- YOUR INSTRUCTIONS -
Leave out all pictures. Extract exactly the lines from the one containing "Trying lipstick from" through the end of the data.

- DATA SECTION -
== Segment start ==
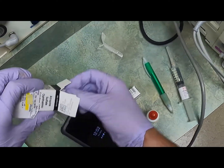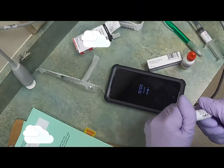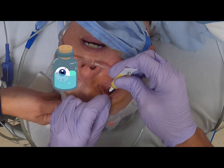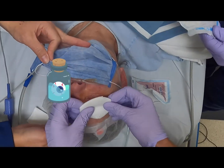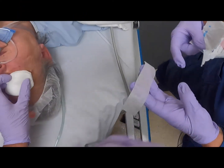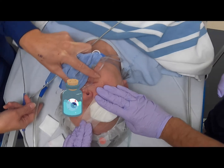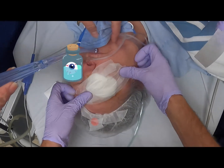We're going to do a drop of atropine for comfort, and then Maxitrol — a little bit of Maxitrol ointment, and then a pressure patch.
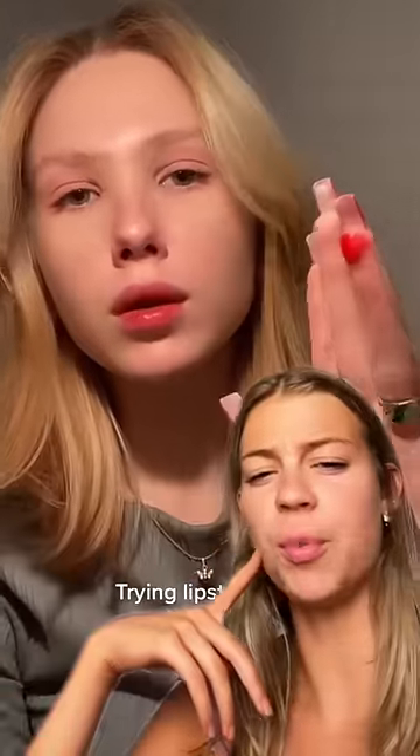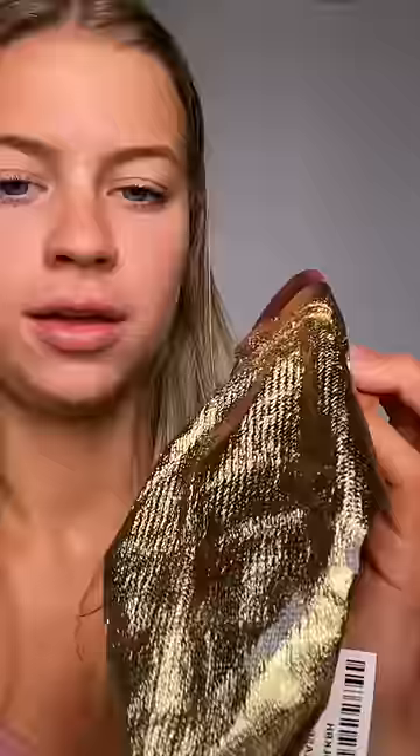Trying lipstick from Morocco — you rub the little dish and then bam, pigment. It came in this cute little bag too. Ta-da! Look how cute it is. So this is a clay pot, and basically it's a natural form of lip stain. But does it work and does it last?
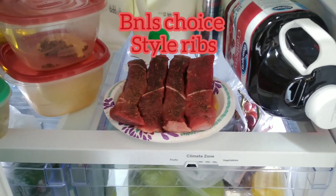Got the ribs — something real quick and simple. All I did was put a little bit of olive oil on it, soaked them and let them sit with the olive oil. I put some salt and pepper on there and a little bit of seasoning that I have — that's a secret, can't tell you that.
== Segment end ==
- ANSWER BELOW -
Trying lipstick from Morocco — you rub the little dish and then bam, pigment. It came in this cute little bag too. Ta-da! Look how cute it is. So this is a clay pot, and basically it's a natural form of lip stain. But does it work and does it last?
Got the ribs — something real quick and simple. All I did was put a little bit of olive oil on it, soaked them and let them sit with the olive oil. I put some salt and pepper on there and a little bit of seasoning that I have — that's a secret, can't tell you that.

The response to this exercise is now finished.